Our patient had no significant symptoms because of Coccidioides during the months at sea preceding the COVID-19 outbreak. This is common, as a majority of cases of coccidioidomycosis are subclinical with spontaneous resolution.1 We posit that his initially subclinical infection was worsened by SARS-CoV-2-mediated immunosuppression. Although Coccidioides infection has been described during the management of COVID-19 before,16 it is recognized that our patient may have had two unrelated primary infectious processes occurring simultaneously. This is improbable: coccidioidomycosis is not a contagious disease between humans, and Coccidioides is not endemic in Guam, with his only potential location for infection having been in California before deployment. Additionally, although disseminated coccidioidomycosis occurs in a minority of infected patients, such rapid dissemination occurring months following primary infection is extremely rare in otherwise-immunocompetent patients.17 We hypothesize that patients infected with SARS-CoV-2 may experience diminished cell-mediated signaling as a consequence of functional exhaustion and CD8+ T-cell senescence with consequential impairment in cellular response to Coccidioides infection. Further investigation should be pursued in patients with coccidioidomycosis and newly diagnosed COVID-19 with attention to monitoring CD57 levels among CD8+ T-cells. Doing so could characterize a unique clinical relevance of cellular senescence in COVID-19 immunology. In the ongoing COVID-19 pandemic, this may have significant ramifications for not only persons exposed to Coccidioides, but potentially as well as with other infectious diseases dependent on CD8+ T-cell function for host protection.
ACKNOWLEDGMENTS
We would like to thank Dr. Julia H. Cheringal and Dr. Robert L. Fenequito of U.S. Naval Hospital.
Contributor Information
LT Daniel S Krauth, Division of Infectious Diseases, Naval Medical Center, San Diego, CA 92134, USA.
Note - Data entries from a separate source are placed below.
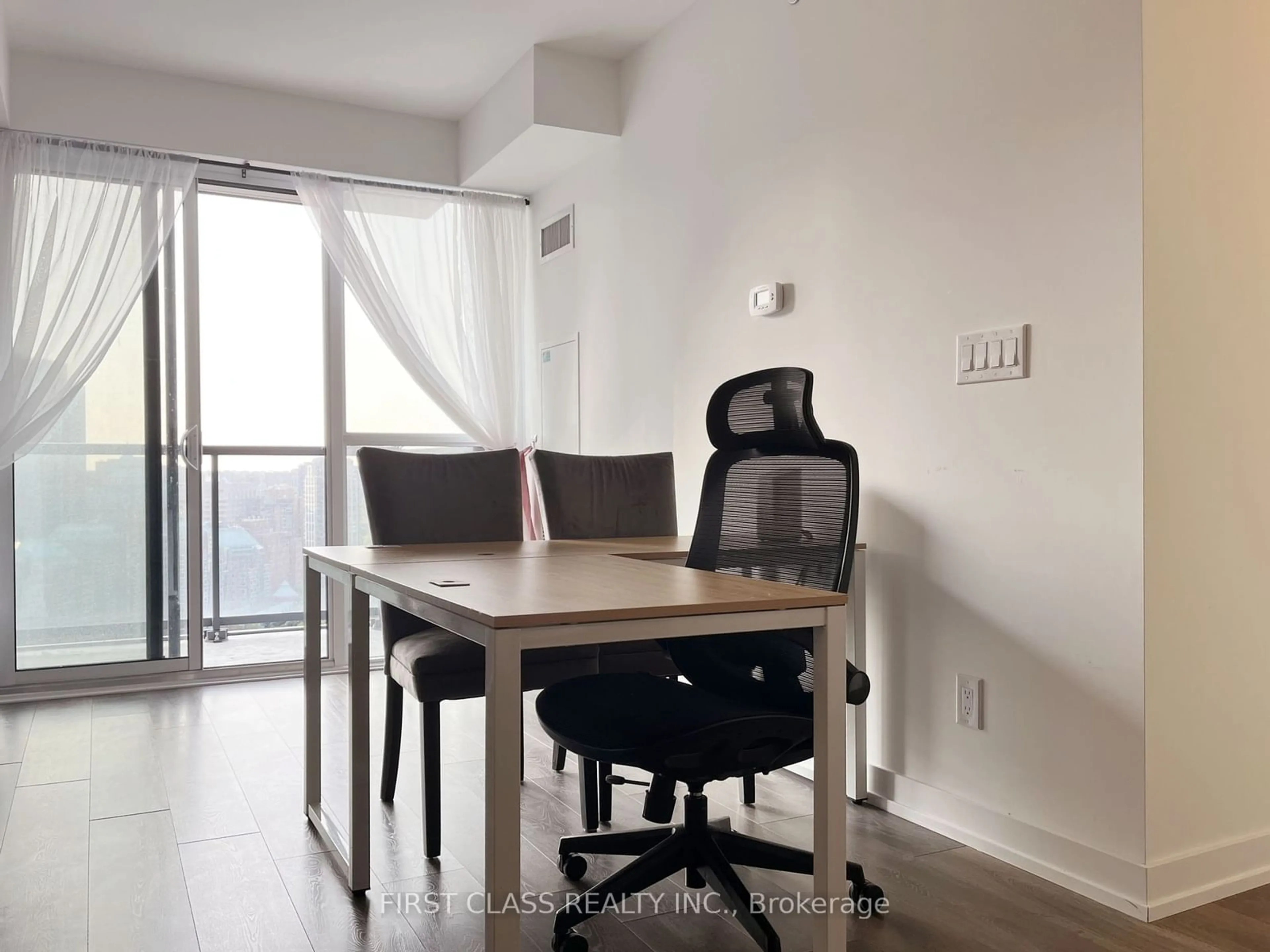 A pic of a room for 159 Wellesley St #2710, Toronto Ontario M4Y 0H5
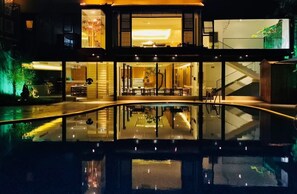 Outdoor pool, sun loungers - Guilin Plaza Hotel (Guilin)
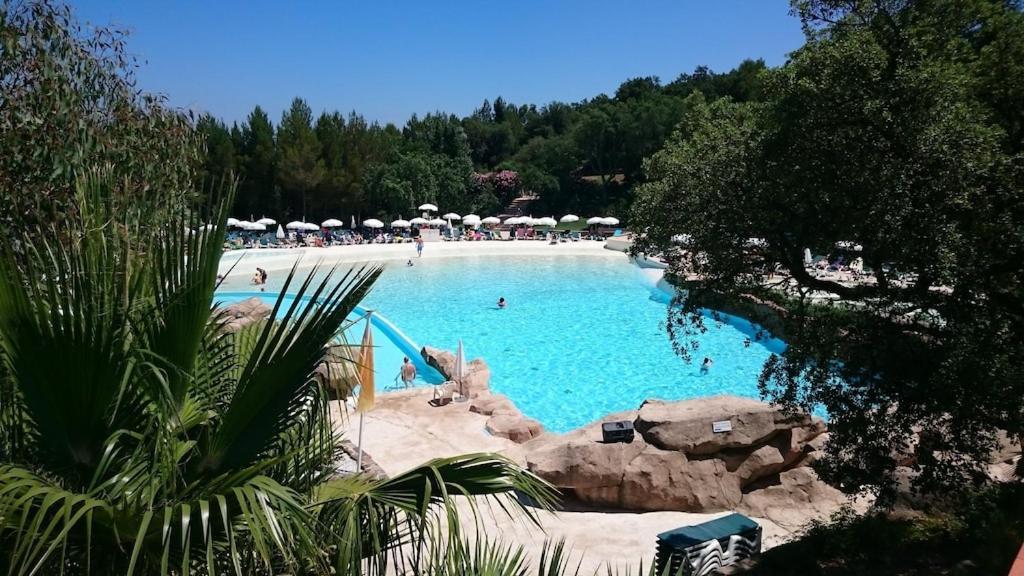 Les Restanques 2150 Vue Mer 그리모 외부 사진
LCDR Christina M Jamros, Division of Infectious Diseases, Naval Medical Center, San Diego, CA 92134, USA.
LCDR Shayna C Rivard, Department of Internal Medicine, US Naval Hospital, Tutuhan, GU 96910, USA; Department of Dermatology, US Naval Hospital, Tutuhan, GU 96910, USA.
CDR Niels H Olson, Department of Pathology, US Naval Hospital, Tutuhan, GU 96910, USA.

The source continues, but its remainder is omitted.